Byte/word order (Endian issue)
Byte or word order problems are very common when SCADA communicates with PLCs using protocols like Modbus Organization standards (Modbus TCP/RTU) or other third-party drivers. Floating-point (REAL) values are stored in two consecutive 16-bit registers. If SCADA reads these registers in the wrong order (high word and low word swapped), the number becomes completely distorted.
For example, a real value of 45.6 in the PLC may appear as something abnormal like 3.4E+38 or a large negative number on SCADA. The PLC is perfectly fine, but the issue lies only in how the two words are combined. Different manufacturers follow different byte ordering conventions (big-endian vs little-endian). Some drivers provide options like:
- Word Swap
- Byte Swap
- Byte + Word Swap
If this setting is incorrect, only floating-point values will look wrong while integer tags may appear normal, which makes troubleshooting confusing.
Address offset errors
Address offset mistakes are simple but very common, especially in large projects with hundreds or thousands of tags. The PLC may store a value in one register, but SCADA might be configured to read the next or previous address due to an off-by-one error.

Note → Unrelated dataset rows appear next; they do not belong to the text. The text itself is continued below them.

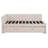 Upholstered L-Shaped Daybed With Pop Up Trundle And USB Ports-721016261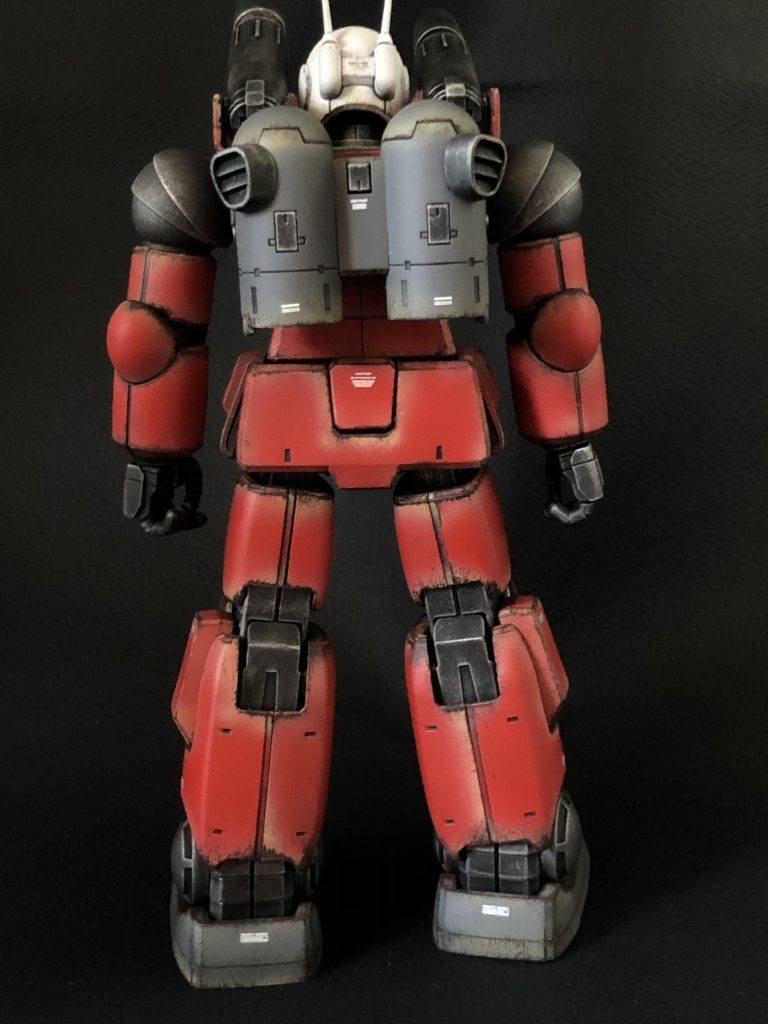 MGガンキャノン–4枚目/制作者：らるほん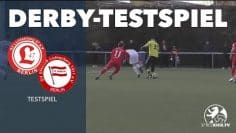 Kurioser Torwart-Patzer lässt 47 jubeln | Lichtenberg 47 – Sparta Lichtenberg (Testspiel)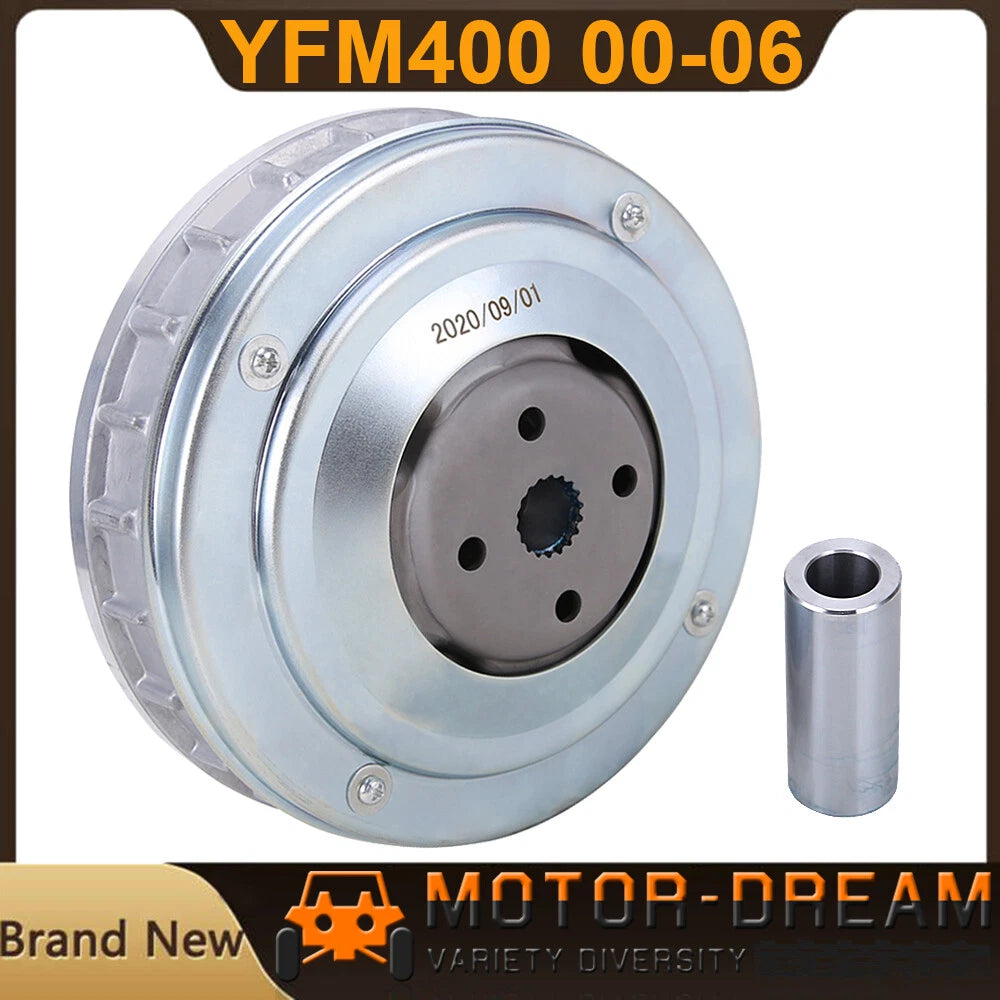 Clutch Sliding Sheave Assembly for Yamaha Kodiak 400 450 (1993–2006)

For example, if the actual process value is stored at register 40021, but SCADA reads 40020 or 40022, it will display a completely different value, sometimes another process variable or sometimes a meaningless number. The PLC logic remains correct because it is using the proper internal tag, but SCADA is simply pointing to the wrong memory location.
This issue often occurs due to differences in addressing conventions. Some systems use zero-based addressing (starting from 0), while others use one-based addressing (starting from 1). During configuration, this small difference can shift every tag by one register.
Stale or frozen data
Sometimes SCADA shows incorrect values, not because they are wrong, but because they are not updating at all. If communication between PLC and SCADA is interrupted momentarily, the SCADA system may continue displaying the last good value without clearly indicating a problem. Meanwhile, the PLC is updating normally in real time. This creates a dangerous situation: the PLC shows 85 °C, but SCADA still displays 72 °C because that was the last successfully polled value. Operators assume the process is stable, while the actual condition has already changed.
This commonly happens due to network congestion, intermittent Ethernet faults, overloaded SCADA servers, or driver timeouts. In some systems, tag quality status (Good/Bad/Uncertain) is ignored or not configured to generate alarms, making the issue harder to detect.
In this way, we saw how SCADA shows wrong values while PLC is correct.